Forbach. „Was sie erlebt, ist eine echte Ungerechtigkeit“: Eine Achtzigjährige erhält wegen ihres Gewichts keinen Krankenwagen

„Meine Mutter hat sich diesen Zustand nicht ausgesucht, musste sich weder untersuchen lassen noch zum Arzt gehen. Und sie hat, wie jeder andere auch, ein Recht auf medizinische Versorgung.“ Marcelle Vagner, 59, ist wütend. Die Forbacherin lebt seit mehreren Jahren mit ihrer Mutter Hannelore im zweiten Stock eines dreistöckigen Gebäudes im Stadtteil Wiesberg. Ende Februar erlitt ihre 83-jährige Mutter einen Sturz. „Sie war zwischen Bett und Heizkörper eingeklemmt. Sie hatte Schmerzen. Der Rettungsdienst holte sie ab und brachte sie in die Notaufnahme“, erzählt ihre Tochter. „An diesem Tag verlief die Behandlung gut. Danach verschlechterte sich die Situation...“
Die darauffolgenden Arzttermine sind zu einem echten Ärgernis geworden. „Bisher haben wir im Notfall Krankenwagentaxis gerufen, um sie zu transportieren, da sie sitzend reisen konnte. Aufgrund körperlicher Komplikationen seit ihrem Sturz muss meine Mutter die Treppe hinaufgeführt und liegend getragen werden. Wir brauchen einen Krankenwagen. Es ist ein Albtraum geworden“, seufzt Marcelle Vagner. „Einmal sollte sie zur Untersuchung ins Krankenhaus nach Saint-Avold gebracht werden. Mein Bruder rief fünf Krankenwagenunternehmen hintereinander an. Alle weigerten sich, sie mitzunehmen.“
Ihrer Aussage nach werden dafür mehrere Gründe genannt: mangelnde Verfügbarkeit oder fehlendes Equipment, wie beispielsweise ein motorisierter Assistenzrollstuhl. Aber auch das Übergewicht der Patientin… „Meine Mutter wiegt rund 100 kg. Einige Sanitäter sagten uns, dass wir für den Transport zusätzlich 400 Euro zahlen müssten, da mehr Personal und ein motorisierter Rollstuhl erforderlich seien. Das sind Zusatzkosten, die nicht erstattet werden. Das können wir nicht für jeden Transport bezahlen! Da kommen schnell mehrere Tausend Euro zusammen, die wir komplett selbst tragen müssen.“
Marcelle Vagner ist verzweifelt. „Diese Situation löst bei meiner Mutter große Schuldgefühle aus, denn sie kennt das Problem nur zu gut. Sie macht sich Vorwürfe, weil sie so schwer ist und sich nicht bewegen kann. Dieses diskriminierende System hilft ihr nicht.“ Angesichts der Ablehnungen kauften die Kinder der Achtzigjährigen einen speziellen Rollstuhl, um ihre Mutter die Treppe hinunterzulassen und dann zu transportieren. „Es ist nicht normal, dass es so weit gekommen ist. Meine Mutter hat das Recht, wie jede andere Patientin behandelt zu werden. Sie hat sieben Kinder großgezogen und der Gesellschaft so viel gegeben. Was sie durchmacht, ist eine echte Ungerechtigkeit“, klagt Marcelle Vagner.

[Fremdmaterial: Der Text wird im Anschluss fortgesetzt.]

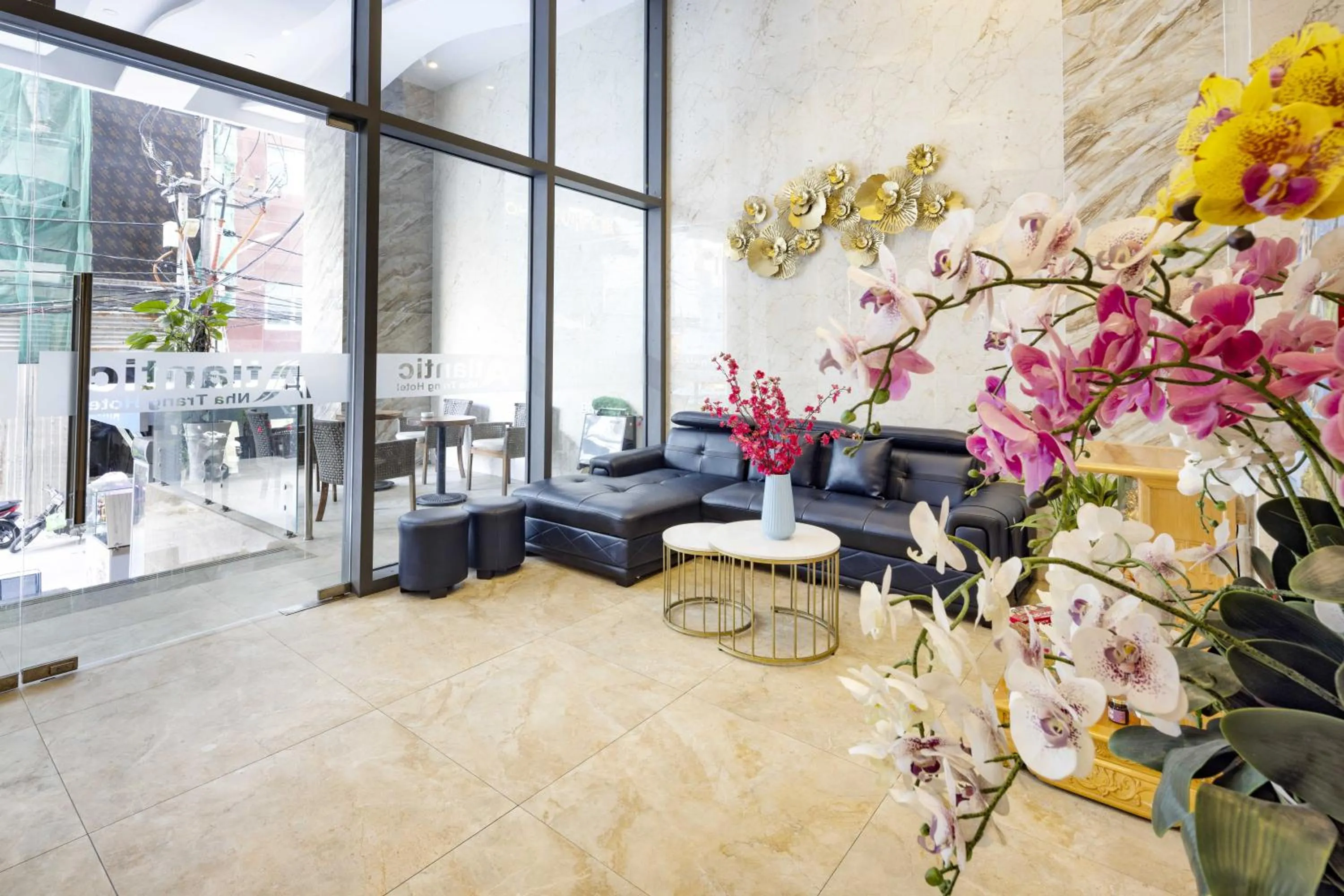 Lobby or reception in Atlantic Nha Trang Hotel
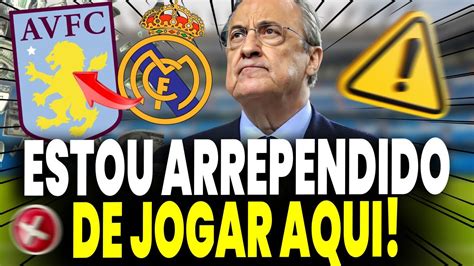 URGENTE EXPLODIU AGORA QUER SAIR AGORA NOTICIAS DO REAL MADRID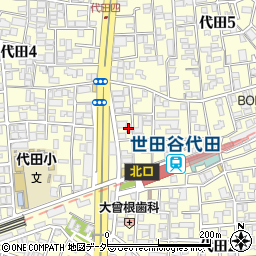 ストークマンション代田Ｂ棟周辺の地図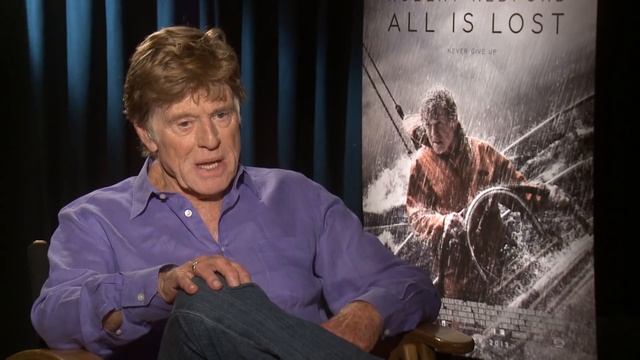 All is Lost Interview: Robert Redford Sits Down with Sasha Perl-Raver смотреть онлайн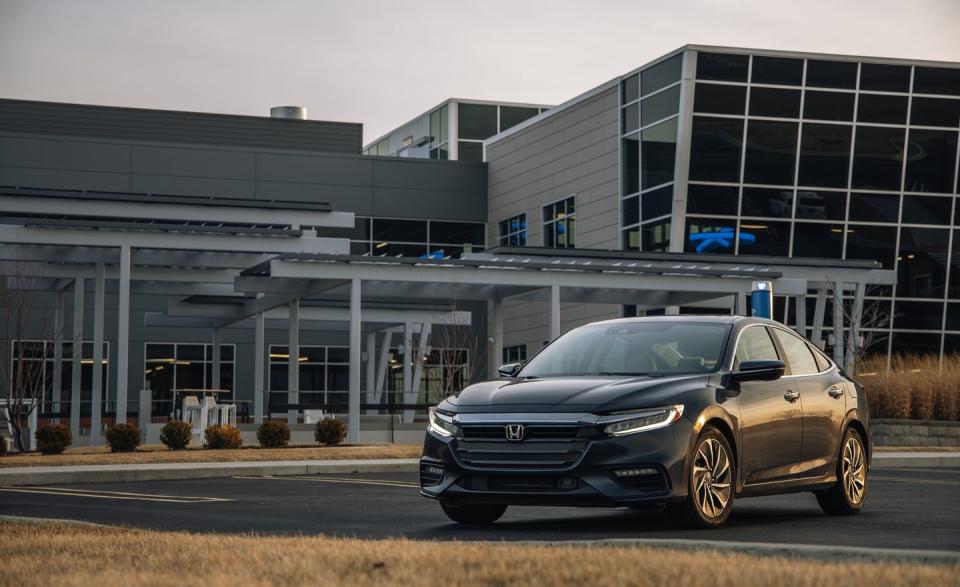 View Photos of Our Long-Term 2019 Honda Insight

Der sogenannte Adipositastransport für adipöse Menschen wird immer dringlicher. „ Adipositas betrifft einen wachsenden Teil der Bevölkerung “, erklärt ein Mitarbeiter eines Rettungsdienstes in der Nähe von Forbach. „Die Versorgung dieser Patienten verursacht zusätzliche Kosten, da wir mehr Personal benötigen – bis zu sechs Sanitäter. Während ein Standardtransport etwa 150 Euro kostet, kostet ein Adipositastransport rund 500 Euro. Motorisierte Assistenzrollstühle kosten rund 10.000 Euro. Nicht alle Rettungsdienste verfügen über solche Transporte.“ Diese teureren Transporte werden derzeit nicht vollständig von der Sozialversicherung übernommen. Die Kosten trägt der Patient selbst. Die Frage der Kostenerstattung ist in Regierungsdebatten regelmäßig Thema. Bisher wurden diesbezüglich keine Maßnahmen ergriffen.